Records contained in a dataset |
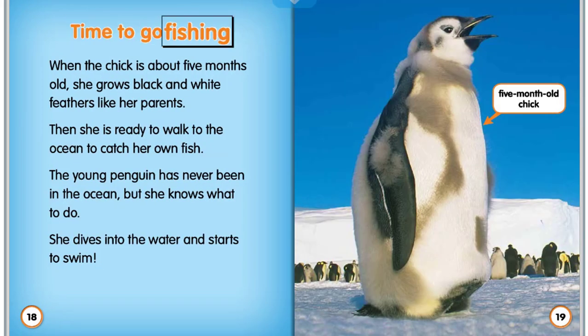Time to go fishing. When the chick is about five months old, she grows black and white feathers like her parents. Then she is ready to walk to the ocean to catch her own fish. The young penguin has never been in the ocean, but she knows what to do. She dives into the water and starts to swim.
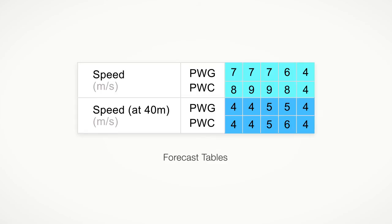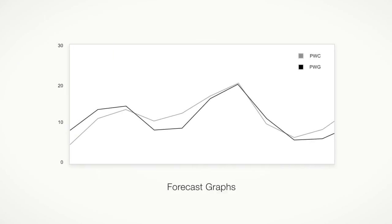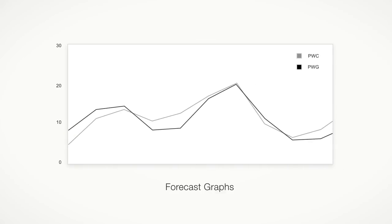The two models can be viewed throughout the forecast site. Both PWC and PWG forecasts can be seen in the table view. Both forecasts are plotted on the graphs, which allow easy comparison.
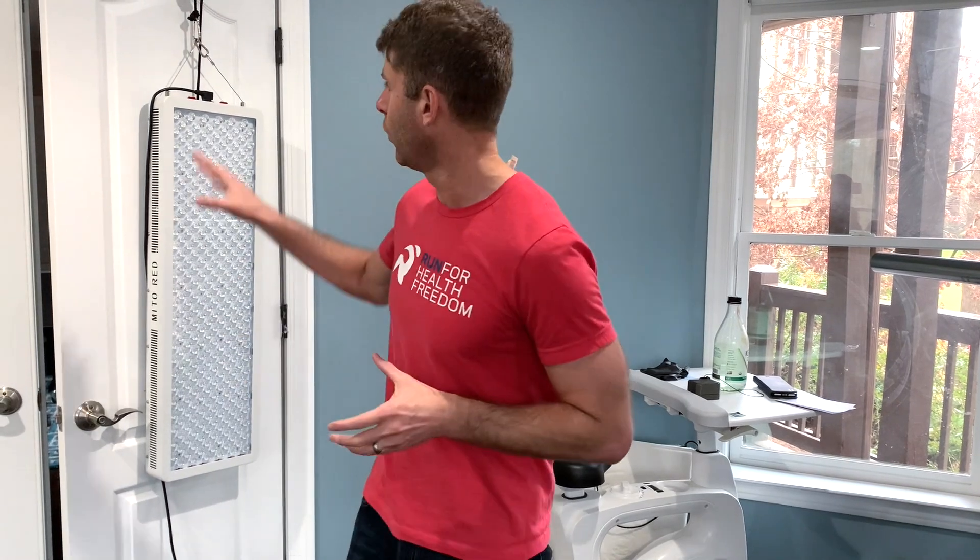Near infrared is another type of light wave that comes from the sun. It's invisible to the naked eye and it penetrates deeper into the body, getting into the joints. It stimulates joint mitochondria, joint healing, and also stimulates nitric oxide production, which enhances circulation throughout your body.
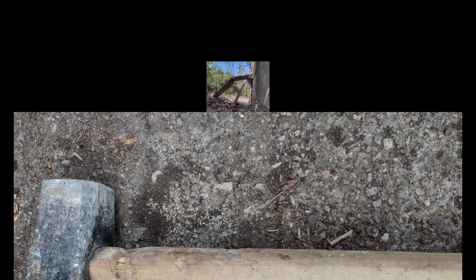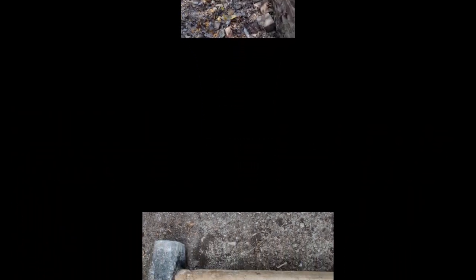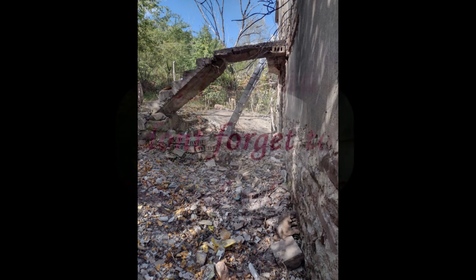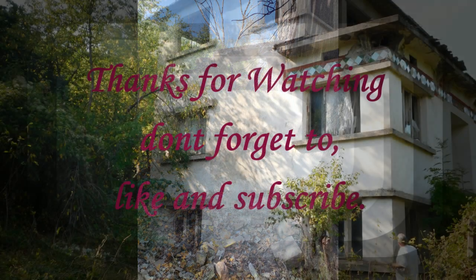On our next visit, Steve and the boys are going to be hopefully clearing away the rubble so that we've got a flat surface to see how good the base is, or whether we need to redo the base with foundations, before we start rebuilding. We're going over to Bulgaria on the 11th of November and will catch up with you on our return.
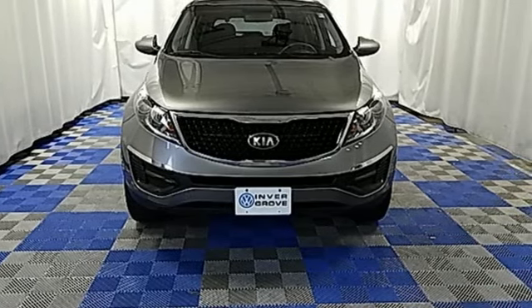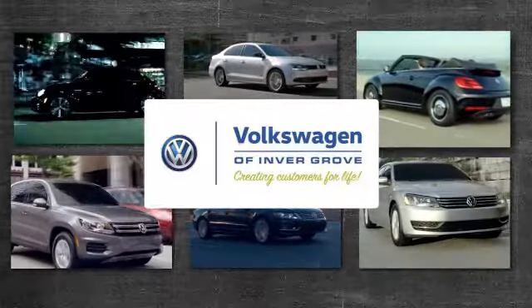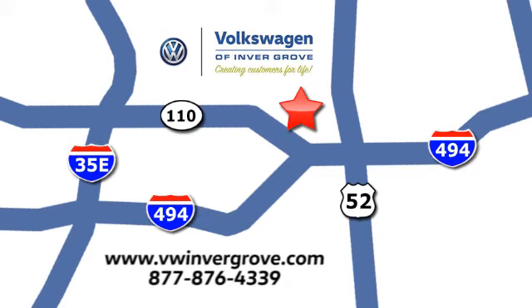See us today at Volkswagen of Inver Grove, creating customers for life. We are conveniently located at 1325 50th Street East in Inver Grove Heights, Minnesota, near Highway 494 and Roberts Street, across from Best Buy.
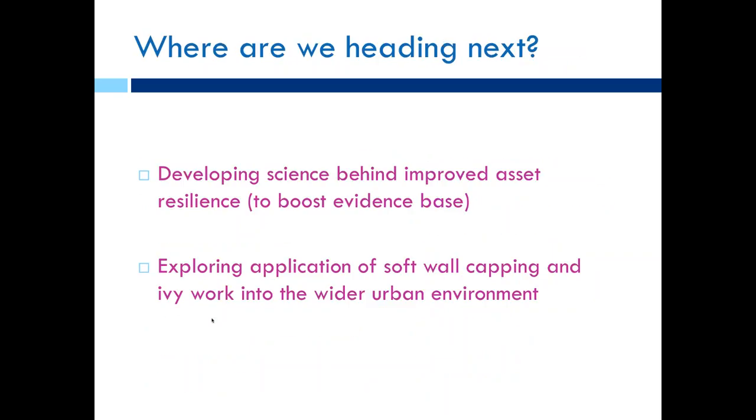In terms of where we're heading next: one of the least well-researched areas — particularly at the coast, but also thinking about applying ivy, soft wall capping research to the wider built environment — is what more evidence do we need about how ecology can improve asset resilience. The goal is scientific, but also to boost the evidence base to enable more widespread implementation. We'll be holding workshops in the new year welcoming participation from end users — you're very welcome to get involved and we can provide contact details at the end.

What is required |
Go down the entries above from the line containing "On our next" to the line containing "See us today" and write out each line exactly, leaving pictures out.

Exercise solution |
On our next visit, Steve and the boys are going to be hopefully clearing away the rubble so that we've got a flat surface to see how good the base is, or whether we need to redo the base with foundations, before we start rebuilding. We're going over to Bulgaria on the 11th of November and will catch up with you on our return.
See us today at Volkswagen of Inver Grove, creating customers for life. We are conveniently located at 1325 50th Street East in Inver Grove Heights, Minnesota, near Highway 494 and Roberts Street, across from Best Buy.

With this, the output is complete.